First, Webster Capital claims that Ottawa Bus has not yet paid the principal and interest amounts due under the relevant loan schedules. Through amortization tables and the sworn testimony of its Vice President, Amy Levy, Webster Capital demonstrates that Defendants’ principal and interest obligations were $345, 306.07, as of May 3, 2013. Defendants do not present any evidence to controvert this fact, and instead reiterate their unsuccessful argument that Ottawa Bus cured any alleged default. Accordingly, upon review of the record, the Court finds that Webster Capital is entitled to damages for principal and interest payments in the amount of $345, 306.07, less any amounts paid through the bankruptcy Plan after May 3, 2013.
Second, Webster Capital requests an award of $21, 188.78, consisting of miscellaneous operating fees in an amount of $267.00, and late charges in an amount of $20, 921.78. The Continuing Guaranties expressly provide that, in the event of default, Defendants shall be liable for the “prompt payment of all indebtedness, including, but not limited to, principal, accrued interest, costs, late charges, out of pocket expenses, and attorneys’ fees, now due or hereafter becoming due to [Webster Capital] in connection with the Instruments or collection thereon.”In support of its claim, Webster Capital submits sworn testimony and refers to its itemized Proof of Claim submitted in the Ottawa Bus bankruptcy. Defendants provide no evidence or argument to controvert Webster Capital’s calculation or entitlement to damages. Accordingly, the Court finds that Webster Capital is entitled to an award of $21, 188.78 relating to late charges and fees.
Third and finally, Webster Capital argues that it is entitled to attorneys’ fees. “The general rule of law known as the ‘American rule’ is that attorney’s fees and ordinary expenses and burdens of litigation are not allowed to the successful party absent a contractual or statutory exception.” Connecticut generally adheres to the American rule,  but maintains an exception for specific contractual terms providing for the recovery of attorney’s fees and costs. Because the Continuing Guaranties unambiguously provide that Defendants will be liable for the attorneys’ fees incurred in collecting the indebtedness due to Webster Capital, the Court finds that Webster Capital is entitled to an award for attorneys’ fees reasonably incurred in this action.
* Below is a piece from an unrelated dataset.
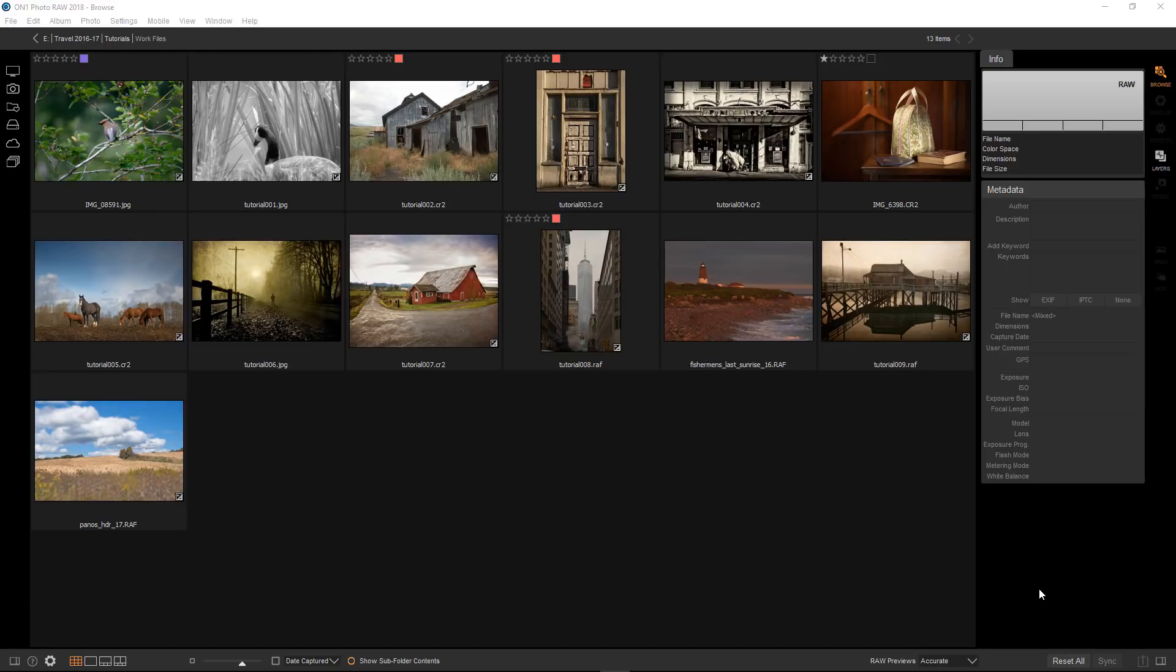In the past few tutorials we've learned about some pretty powerful masking tools. In fact, using masking with effects and local adjustments is what makes On1 Photo Raw shine, so it's very important to understand everything it offers if you really want to get the most out of the software.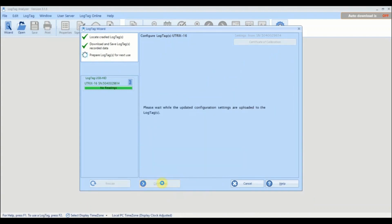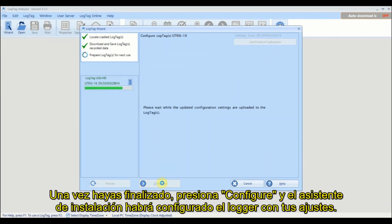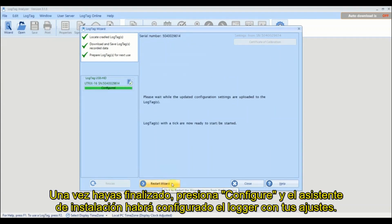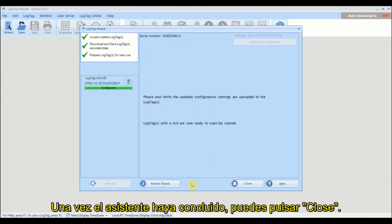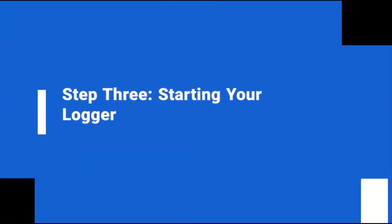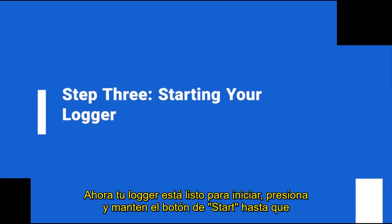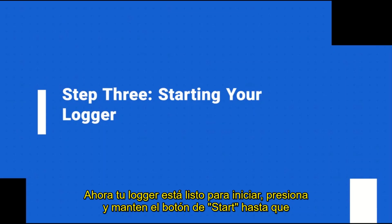Once you are ready, click Configure and the wizard will configure your logger with the settings you entered. Once the wizard has finished, you can click Close. Your logger is now ready to start.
Webster Capital has provided sworn testimony and invoices from its attorneys indicating that as of May 3, 2013, it incurred legal fees in an amount of $59, 339.84. Because the Court anticipates that Webster Capital will seek to recover attorneys’ fees incurred after May 3, 2013, and because Fed.R.Civ.P. 54(d) provides that claims for attorneys’ fees shall be made by motion after judgment is entered,  the Court refrains from awarding any specific amount of attorneys’ fees at this time. The Court directs Webster Capital to submit its motion for attorneys’ fees pursuant to Fed.R.Civ.P. 54(d)(2)(B).
IT IS ACCORDINGLY ORDERED, that Plaintiffs Motion for Summary Judgment (Doc. 48) is hereby GRANTED.